In the stunning "Everything but the Smell of Lilies", the author dares to speculate on the arousing aspects of necrophiliac fantasy – from the perspective of the corpse. The narrator of "Technophile" gets off imagining penetration by his lover's magnificently engineering artificial penis -- which in reality is non-functional due to low batteries. "Hackwork" is an original treatment of a BDSM threesome where the dom exercises his will over the submissive via telepresence, using the body and senses of a confused but vicariously aroused human "taxi" as an intermediary. In "Bluebelle", a futuristic cop melds with his smart, death-dealing aerial assault ship, imagining her as a big-bosomed blonde bombshell who rewards hims sexually for successful arrests. And the slyly playful "Butterflies$" offersa vivid account of virtual ravishment by a horde of Tinkerbelle's nasty cousins, from which the narrator awakens with joints aching, clit deliciously sore, and bank account empty.
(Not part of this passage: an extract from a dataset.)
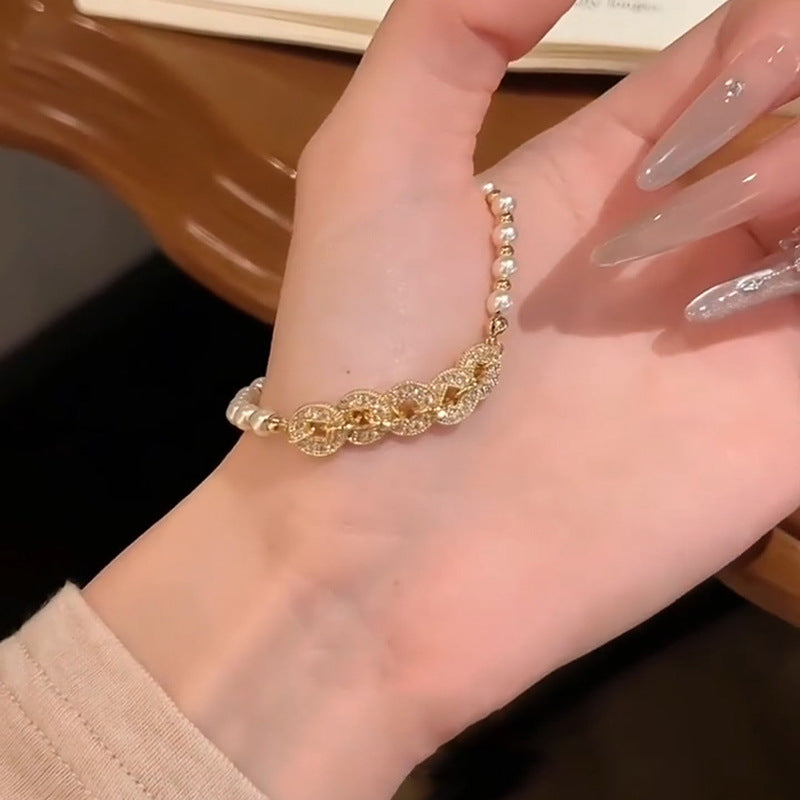 Elegant Retro Niche Temperament Light Luxury Bracelet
The stories in The Bachelor Machine are emotionally ambiguous, like the future itself. Relatively few offer an unqualified happy ending. The two stories "Winged Memory" and "Eulogy" struck me as particularly poignant. In the former, a young drifter sells his memories, one by one, in order to spend time with the whore he loves. "Eulogy" chronicles the physical and emotional complexities of a romantic triangle after one of its members has died. M. Christian's self consciously ironic voice rings especially clearly in this story:

"Julie was never a big girl. She had this ... well, narrow presence. Lithe, like a sudden whisper in the middle of a conversation. There, I couldn't have been that upset. 'Sudden whisper in the middle of a conversation', that was more like the real Jeff Hook. Worldnet journalist, unsuccessful on-line novelist, and dweller in a scummy part of town."
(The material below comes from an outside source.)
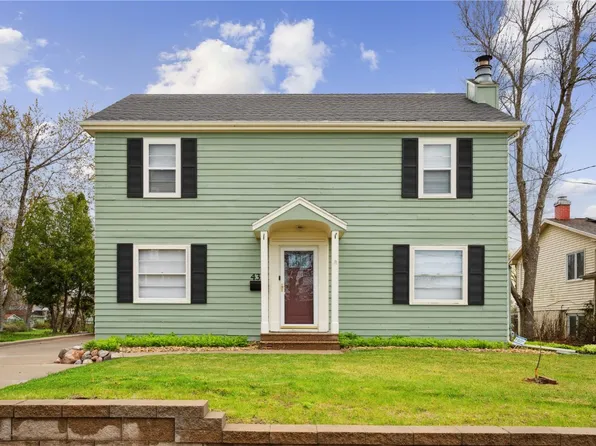 432 Memorial Dr SE, Cedar Rapids, IA 52403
Christian has a fondness for extended descriptions that spill out onto the page, phrase after phrase, studded with technojargon: microfilaments and nanotech receptors, biolights and polyplastics. This technique works better in some cases than in others. "The Bachelor Machine", the final tale in the collection, is one of his notable successes. His images of a worn-out, discarded sex robot, smelling of "mildew and fried circuits", her movements hesitant and out-of-synch due to misfiring motors and flakey circuits, rings heartbreakingly true, evoking both horror and pity. Pity, for a machine!
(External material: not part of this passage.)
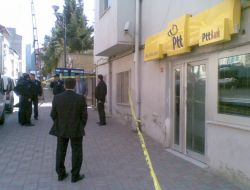 Küçükçekmece'de Silahlı Ptt Soygunu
Then every now and then, the author will come out with a brief image that is almost a poem:

"It is drizzling, like static." (Everything but the Smell of Lilies)

My one complaint about The Bachelor Machine is that too many of the stories are set in the basically the same dystopic cyperpunk future: a world of ravaged cityscapes and rusting factories, poisoned air and capsule apartments, where everyone is desperate and everything is for sale, where advanced technology (usually from Japan, often illicit) can augment or erase your humanity. This is by now familiar territory, explored by William Gibson, Pat Cadigan and many others. A possible future, yes, but surely not the only future.

Perhaps this is M.Christian's personal vision. In The Bachelor Machine, though, it is a bit overwhelming. For that reason, I found the story "Sight", which focuses on the aesthetics of an alien species, very refreshing. "Sight" provides a different and more positive futurescape. (I also enjoyed its lustily romantic resolution.)

M. Christian is audacious. He is not afraid to speculate (what would it be like for two cyborgs to fuck?) or to push boundaries (is it child pornography if the subject is a mature woman with a synthetic body, engineered to look like a prepubescent girl?). His stories suggest that the sex drive is universal, independent of gender, race, species, or even the existence of a body. Where there is intelligence, there is the potential for arousal. Or, to quote the (patently female) cyborg in "Skin-Effect":

"Remember now... It's not the socket -- it's the software."